_EXERCISE INSTRUCTIONS:_ Exclude the pictures, then repeat exactly each line from the one containing "Hello viewers, welcome" to the final line of the records that follow.
** Opening DATA SUPPLIED block **
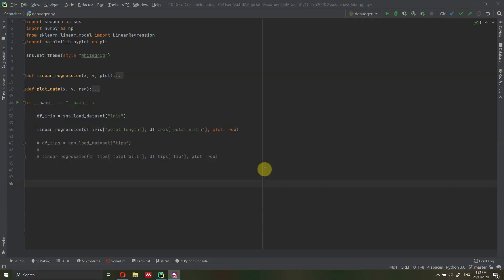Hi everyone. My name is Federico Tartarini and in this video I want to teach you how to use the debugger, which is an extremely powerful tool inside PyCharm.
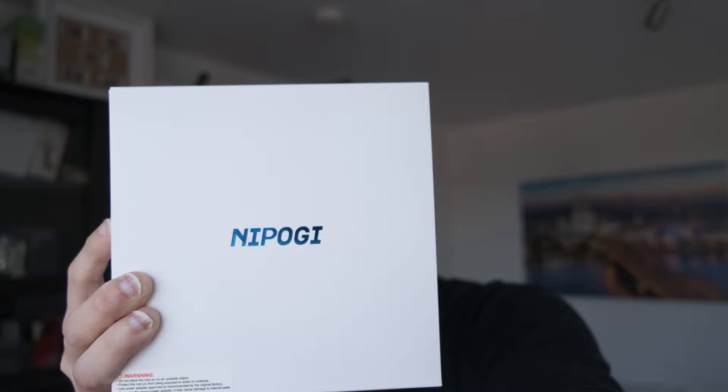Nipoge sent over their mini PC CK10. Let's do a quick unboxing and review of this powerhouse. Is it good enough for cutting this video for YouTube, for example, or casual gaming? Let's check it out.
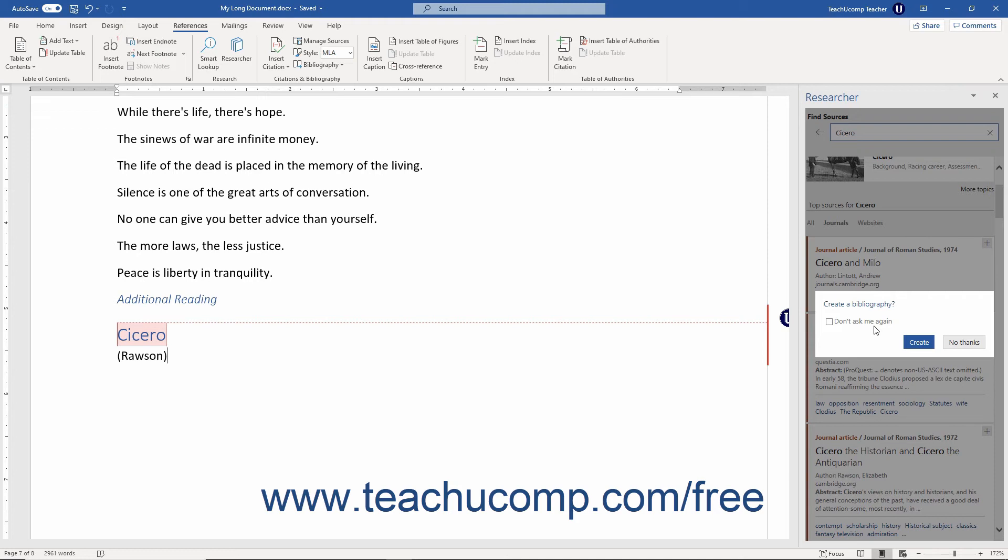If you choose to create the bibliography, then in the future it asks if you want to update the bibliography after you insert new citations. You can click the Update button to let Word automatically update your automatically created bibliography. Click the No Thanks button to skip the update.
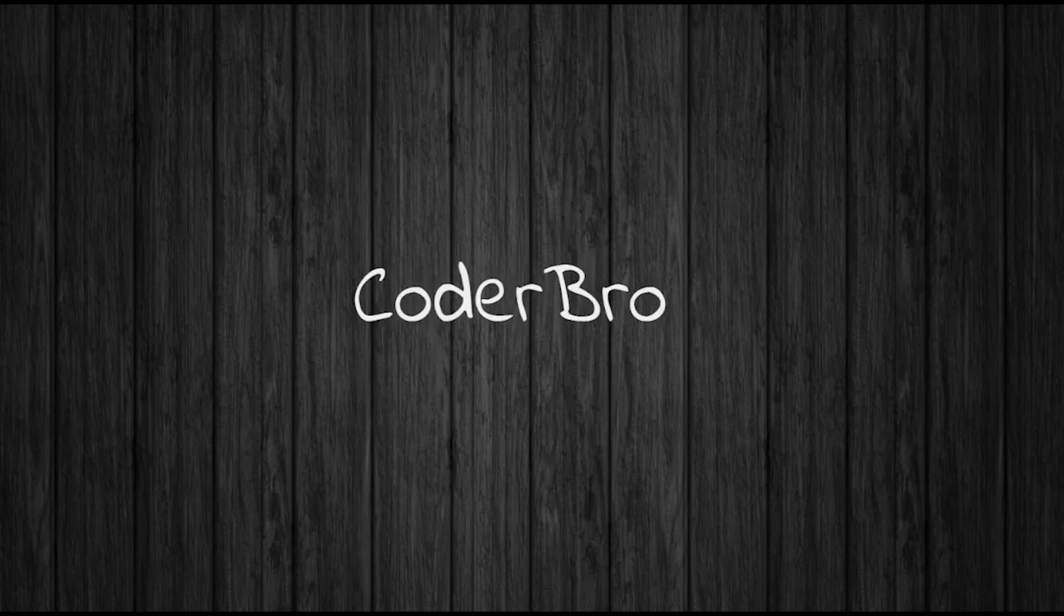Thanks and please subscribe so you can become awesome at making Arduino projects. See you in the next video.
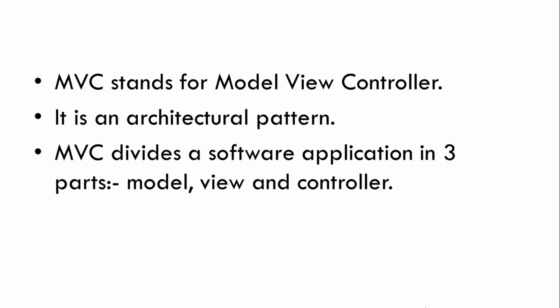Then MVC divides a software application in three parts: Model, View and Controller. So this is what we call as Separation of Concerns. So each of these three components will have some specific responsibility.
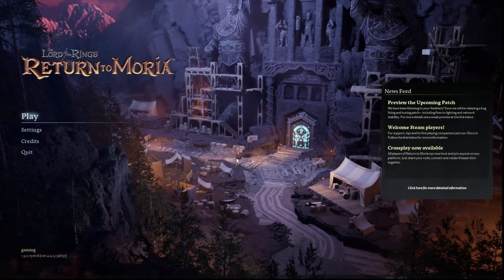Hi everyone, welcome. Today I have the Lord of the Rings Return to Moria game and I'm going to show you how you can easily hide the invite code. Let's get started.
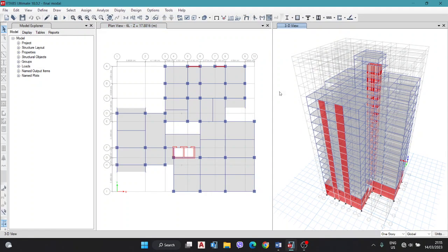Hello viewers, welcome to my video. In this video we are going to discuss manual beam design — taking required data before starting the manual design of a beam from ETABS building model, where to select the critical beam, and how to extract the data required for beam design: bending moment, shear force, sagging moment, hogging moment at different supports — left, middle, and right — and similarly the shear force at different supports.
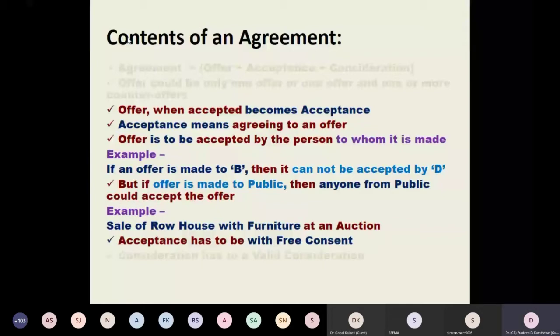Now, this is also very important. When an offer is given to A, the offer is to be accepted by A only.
** Closing DATA SUPPLIED block **
_EXPECTED OUTPUT:_
Hello viewers, welcome to my video. In this video we are going to discuss manual beam design — taking required data before starting the manual design of a beam from ETABS building model, where to select the critical beam, and how to extract the data required for beam design: bending moment, shear force, sagging moment, hogging moment at different supports — left, middle, and right — and similarly the shear force at different supports.
Now, this is also very important. When an offer is given to A, the offer is to be accepted by A only.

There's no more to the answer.